He says; I will see you again, and your heart shall rejoice, and your joy no man taketh from you.

And He says shortly before it, It is expedient for you that I go away.

And again: I will not leave you comfortless, I will come to you. Yet a little while, and the world seeth Me no more: but ye see Me.

Thus Christ’s going to the Father is at once a source of sorrow, because it involves His absence; and of joy, because it involves His presence.

And out of the doctrine of His resurrection and ascension, spring those Christian paradoxes, often spoken of in Scripture, that we are sorrowing, yet always rejoicing; as having nothing, yet possessing all things.

This, indeed, is our state at present; we have lost Christ and we have found Him; we see Him not, yet we discern Him.

We embrace His feet, yet He says, Touch Me not.

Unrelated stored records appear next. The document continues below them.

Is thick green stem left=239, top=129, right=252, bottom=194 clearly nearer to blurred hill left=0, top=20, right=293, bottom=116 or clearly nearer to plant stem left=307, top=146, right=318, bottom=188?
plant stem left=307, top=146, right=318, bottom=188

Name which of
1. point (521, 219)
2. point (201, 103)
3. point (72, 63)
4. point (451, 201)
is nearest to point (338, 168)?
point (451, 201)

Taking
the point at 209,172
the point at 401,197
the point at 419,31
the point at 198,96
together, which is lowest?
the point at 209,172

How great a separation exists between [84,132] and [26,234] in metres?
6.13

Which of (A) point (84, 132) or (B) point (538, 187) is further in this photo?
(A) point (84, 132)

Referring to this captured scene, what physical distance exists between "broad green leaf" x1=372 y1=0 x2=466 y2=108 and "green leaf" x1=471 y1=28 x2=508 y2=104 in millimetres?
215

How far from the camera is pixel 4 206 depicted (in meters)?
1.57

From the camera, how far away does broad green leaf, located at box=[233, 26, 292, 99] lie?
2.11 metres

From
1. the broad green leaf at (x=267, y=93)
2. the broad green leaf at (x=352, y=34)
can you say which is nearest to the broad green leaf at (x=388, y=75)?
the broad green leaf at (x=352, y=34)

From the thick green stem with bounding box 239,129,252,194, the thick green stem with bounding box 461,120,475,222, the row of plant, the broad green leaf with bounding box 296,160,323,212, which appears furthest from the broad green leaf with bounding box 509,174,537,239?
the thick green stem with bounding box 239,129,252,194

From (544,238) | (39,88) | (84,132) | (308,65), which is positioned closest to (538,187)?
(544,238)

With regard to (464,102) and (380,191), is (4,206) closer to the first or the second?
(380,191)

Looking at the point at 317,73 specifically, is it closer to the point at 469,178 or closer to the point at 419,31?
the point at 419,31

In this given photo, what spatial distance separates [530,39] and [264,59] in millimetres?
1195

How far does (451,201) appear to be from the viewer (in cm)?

How is this? it is thus: we have lost the sensible and conscious perception of Him;

we cannot look on Him, hear Him, converse with Him, follow Him from place to place;

but we enjoy the spiritual, immaterial, inward, mental, real sight and possession of Him;

a possession more real and more present than that which the Apostles had in the days of His flesh, because it is spiritual, because it is invisible.

We know that the closer any object of this world comes to us, the less we can contemplate it and comprehend it.

Christ has come so close to us in the Christian Church (if I may so speak), that we cannot gaze on Him or discern Him.

He enters into us, He claims and takes possession of His purchased inheritance;

He does not present Himself to us, but He takes us to Him. He makes us His members.

Our faces are, as it were, turned from Him;

we see Him not, and know not of His presence, except by faith, because He is over us and within us.

And thus we may at the same time lament because we are not conscious of His presence, as the Apostles enjoyed it before His death;

and may rejoice because we know we do possess it even more than they, according to the text,

whom having not seen (that is, with the bodily eyes) ye love; in whom, though now ye see Him not, yet believing, ye rejoice with joy unspeakable and full of glory: receiving the end of your faith, even the salvation of your souls (1 Peter 1:8-9).

John Henry Cardinal Newman (1801-1890): Parochial and Plain Sermons, vol. 6, Sermon 10. The Spiritual Presence of Christ in the Church.